I have self-harmed for about 3 and a half years now. I am still struggling despite having been diagnosed with depression and put on antidepressants, just got engaged recently to a wonderful man, and have been in therapy for five months. I hurt every day. I feel better the fastest if I physically hurt myself. I need to stop, but I don’t know how. I am ashamed, and I don’t want more of my friends to find out. I don’t want to hurt my fiance anymore. I don’t want to do this anymore.

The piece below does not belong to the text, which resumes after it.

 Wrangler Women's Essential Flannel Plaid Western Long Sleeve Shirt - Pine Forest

First you don't have to feel ashamed, second you have to know that its will be tough and you are human everyone has his/her weaknesses. Third you have people you can count on: your fiance your therapist your friends. When you feel as hurting think of you loved one and busy your mind doing something positive for your lives could be simplu preparing a dinner to something more elaborate. Its a step at a time you've only been on therapy for 5 months be easy on yourself and everything will work out fine. Whod do you think wonderful men engage with? wonderful women/men. Take care
Hey. Well, first off, you should be proud of yourself for wanting to stop. A lot of people just try to ignore the fact that it's not a great coping mechanism, so well done for that. :)Here's a post on tumblr that will probably be able to help. It's got LOADS of alternatives to SH, and I'm sure at least one of them will work for you, so please check it out.http://ithurtssomuch.tumblr.com/selfharmGood luck, and congratulations on the engagement :)

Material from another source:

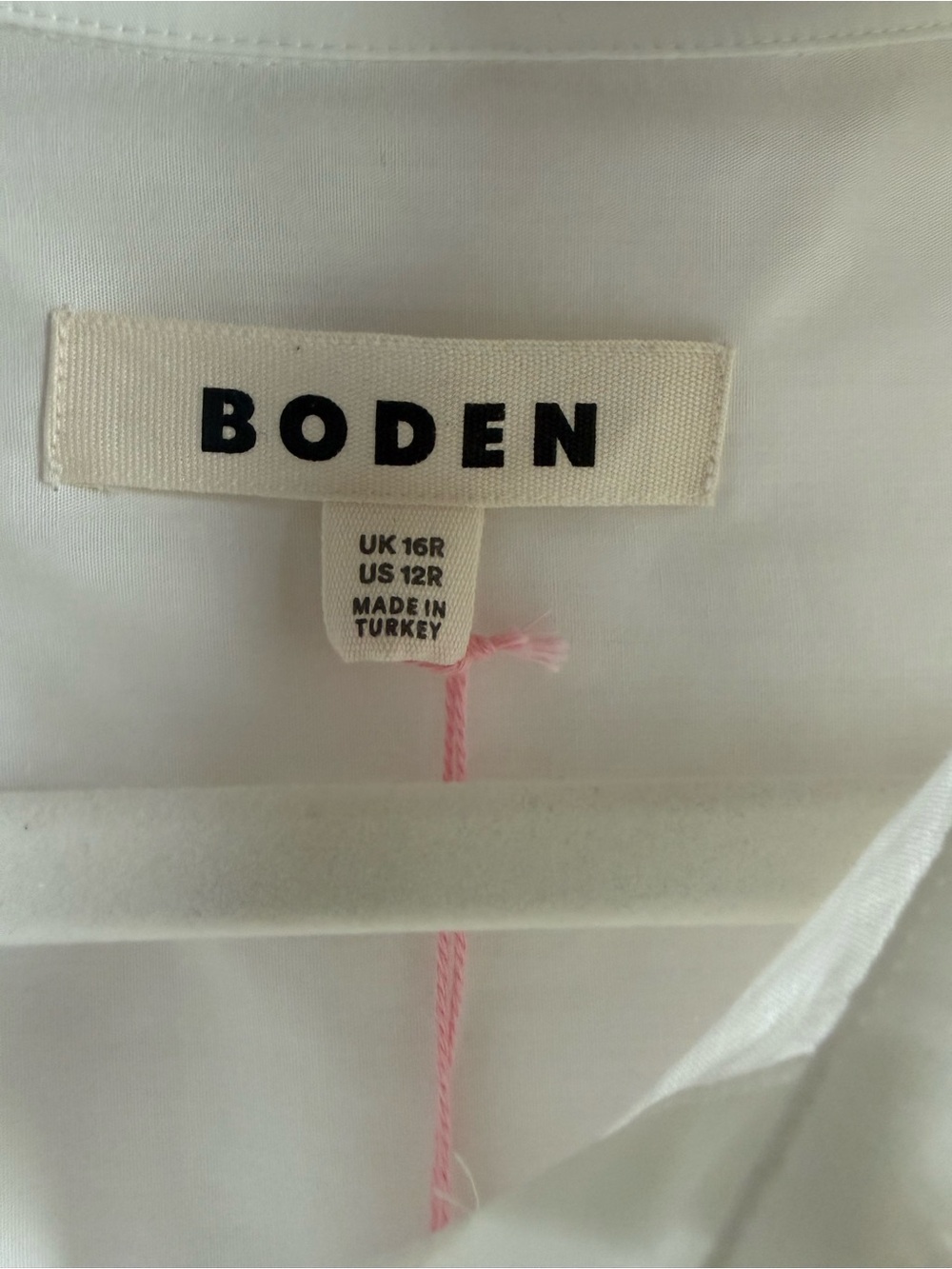 Boden White Dress with Pink Hanger Loop Detail - Picture 2 of 3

I used to draw on my wrist with pen instead until the urge passed. Eventually I did manage to talk to one of my friends about it, which was really hard, but worth it because then I could call them too. It's not something to be ashamed about. Find someone understanding of that.
I tried to quit cutting. During the year and a half I stayed clean, I used to put rubber bands on my wrists and snap them as fast as i could. They would leave red marks and bruises. I know it is the lesser of two evils, but at least it's safer than cutting.